With brand America well and truly trashed, and with more to come in January-February next year, China’s top ratings agency yesterday downgraded Uncle Scam’s credit rating. The first of many to come, I suspect, given the open warfare ahead out to November 2014’s US mid-term elections. Both US parties now have too much to lose in those elections. The Republican’s flirt with a wipe-out, unless they can somehow regain the public’s esteem following their recent rout. But if they do regain that esteem, especially if “Obamacare” backfires,  it’s the Democrats that face a rout, leaving President Obama the lamest of lame duck presidents for the rest of his lingering Presidency. From faraway neutral London, it looks like a take no prisoners fight to the finish in just over twelve months’ time. Stay long physical gold and silver.

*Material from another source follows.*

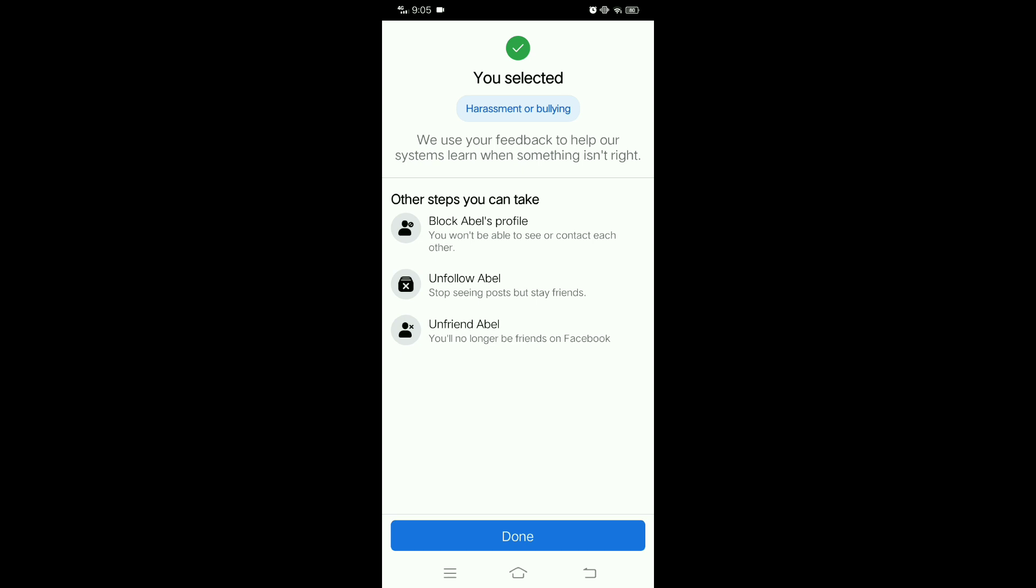Facebook says we use your feedback to help our system learn when something isn't right. So you can block their profile and follow or unfriend them. It's important to note that reporting harassment on Facebook can also involve providing evidence of the harassment, such as screenshots or messages.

Nothing good comes from a house so divided.

“Egol and Fabrice were way ahead of their time,” said one of the former Goldman workers.

“They saw the writing on the wall in this market as early as 2005.”

17 October 2013 - 11H37  

Chinese agency downgrades US credit rating

AFP - A Chinese ratings agency downgraded its US sovereign credit rating Thursday despite Washington's resolution of the debt ceiling deadlock, warning that fundamentals for a potential default remained "unchanged".

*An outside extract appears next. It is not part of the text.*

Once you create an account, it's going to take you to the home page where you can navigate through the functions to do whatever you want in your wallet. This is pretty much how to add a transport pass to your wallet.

Dagong lowered its ratings for US local and foreign currency credit from A to A-, maintaining a negative outlook, the agency said in a statement.

The announcement came after the US Congress passed and President Barack Obama signed a bill that extends the nation's borrowing authority and ends a two-week government shutdown.

"The fundamental situation that the debt growth rate significantly outpaces that of fiscal income and gross domestic product remains unchanged," Dagong said in the statement, adding Washington's solvency was vulnerable as old debts were still repaid through raising new debts.

"Hence the government is still approaching the verge of default crisis, a situation that cannot be substantially alleviated in the foreseeable future," it said.

Dagong made headlines in August 2011 when it lowered its main rating for US sovereign debt after Congress passed an earlier bill to raise Washington's debt ceiling.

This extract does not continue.